Pardus, you ever hear of anything like this? Stolen from http://www.dropzone.com/cgi-bin/for...view=forum_view_collapsed;;page=unread#unread



> It's LALO rather than HALO, but a Rhodesian I once worked with told me of a brother whose unit jumped static line with no reserve. They exited from 500 ft so they didn't need one.
> 
> I asked him if they had a belly or back mount container but he didn't know.
> 
> ...





> Re: static-line jumps during the Rhodesian War.
> Four man teams from the Rhodesian Light Infantry often 3 or 4 combat jumps per day from DC-3/C-47 Dakotas.
> They would jump ahead of fleeing "terrs" to lay stopper ambushes. Once the terrs were dead, the 4 man teams were helicoptered back to base to prepare for their next mission.
> The regimental history of the RLI shows them kitted-up with motorcycle helmets, vest webbing, FN rifles and back-mounted static-line parachutes, but not reserves. Their main canopies were a mixture of T-10s and similar French canopies. Most of their jumps were planned from 500 feet, far too low for reserves to be of any use! A few times pilots mis-read rising terrain and dropped them from 300 feet!
> They were tough young men!


----------



## pardus (May 31, 2007)

Yep all sounds accurate to me, except the boots... Not sure about them, sounds a little dodgy, but all the rest yes, I know a few guys who were doing that.

Weapons were open carry strapped to the leg, who wants the 240? ouch.

I know of up to 3 combat jumps a day off the top of my head.

The Selous Scouts didnt generally do the para drop to act as cut offs/ambushs etc... they were normally intel gathering, setting things up for the RLI, RAR etc... to drop and do the killing.

The SAS at least were doing HALO as well. 

I know the Germans during WW2 and Brit paras in modern times have/were jumping as low as 250 ft


----------



## Boondocksaint375 (May 31, 2007)

250?  I couldnt imagine that shit.  Our Astan jump was at 500 and I wasn't expecting to hit the ground when I did.


----------



## pardus (May 31, 2007)

Yours was at night though right?

I think the 250's were all day jumps, hence the height.


----------



## Marauder06 (May 31, 2007)

They're all night jumps for me


----------



## Boondocksaint375 (May 31, 2007)

yeah, I think I jumped twice in the daytime while I was in (not counting airborne school)


----------



## pardus (May 31, 2007)

Cant conduct a good cut off op in the bush at night ;)


----------



## Rhodesian Militaria (Feb 26, 2008)

I would like to reply to some of the above posts in regard to parachuting in Rhodesia. I have never parachuted and I never served in Rhodesia. I am writing a book on the history of the Rhodesian Parachute Training School 1961-80 and I know a number of former PJI's who served in Rhodesia, including two of the original members.

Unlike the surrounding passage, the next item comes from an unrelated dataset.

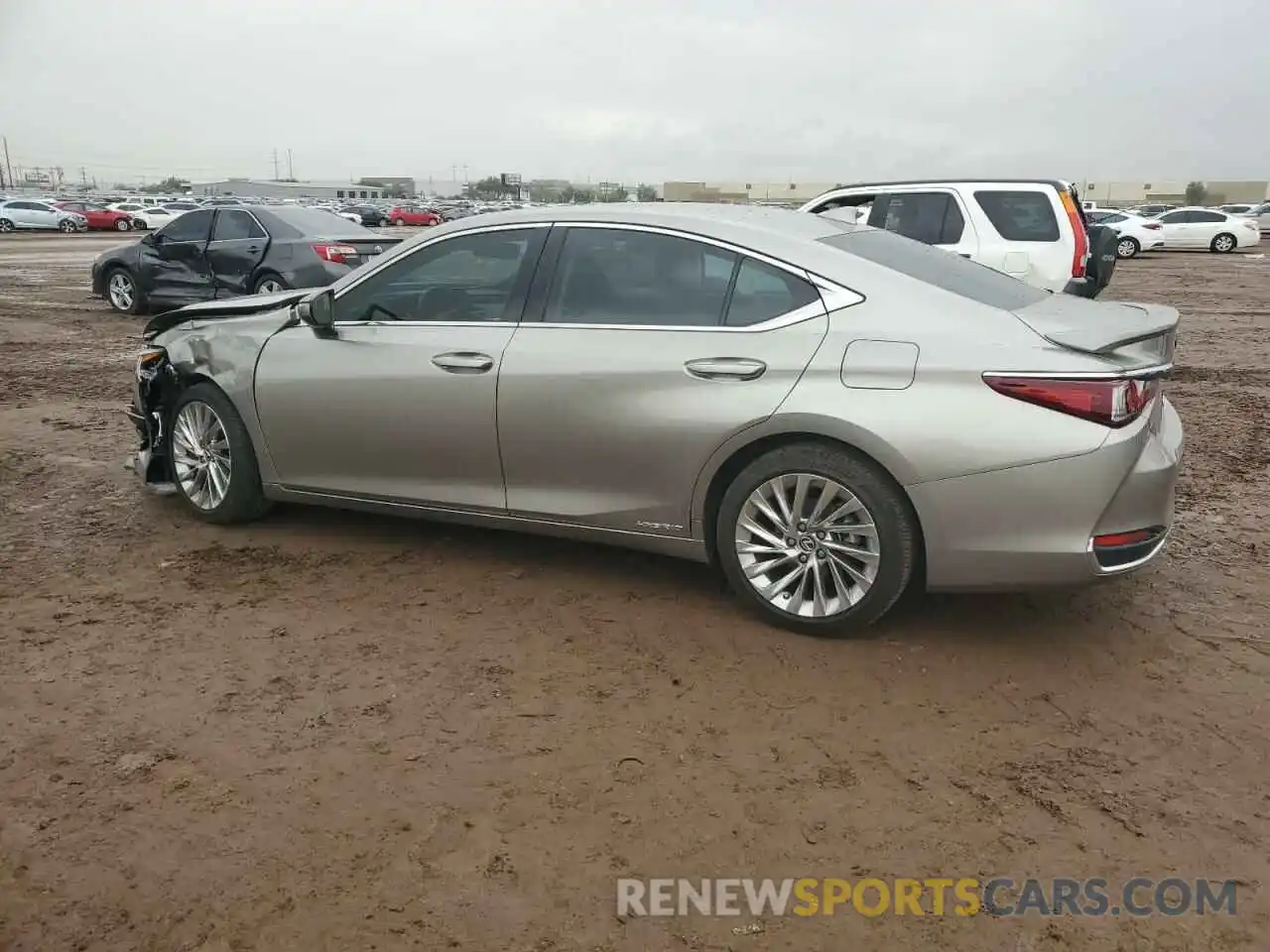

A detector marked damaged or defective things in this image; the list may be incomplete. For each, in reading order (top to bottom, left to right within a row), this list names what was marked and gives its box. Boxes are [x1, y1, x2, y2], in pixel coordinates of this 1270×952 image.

> I believe there were some "unemployed" US special forces guys that were involved in some of the HALO stuff in Rhodesia both with there paras and and Selous scouts......their names escape me at the moment, but they probably wouldn’t want them mentioned anyhow!


There were no "unemployed" US SF blokes involved with the security forces, they were gainfully employed, just like they were from any other country. All parachuting was instructed by PJI's at No.1 Parachute Training School, New Sarum, Rhodesia. Some of the security forces were qualified as parachutists at Bloemfontein, South Africa when the Rhodesians couldn't handle the numbers. 


> Re: static-line jumps during the Rhodesian War.
> Four man teams from the Rhodesian Light Infantry often 3 or 4 combat jumps per day from DC-3/C-47 Dakotas.


I don't know of any RLI four man teams that jumped, sticks were generally bigger than that starting from 10-12 upwards. 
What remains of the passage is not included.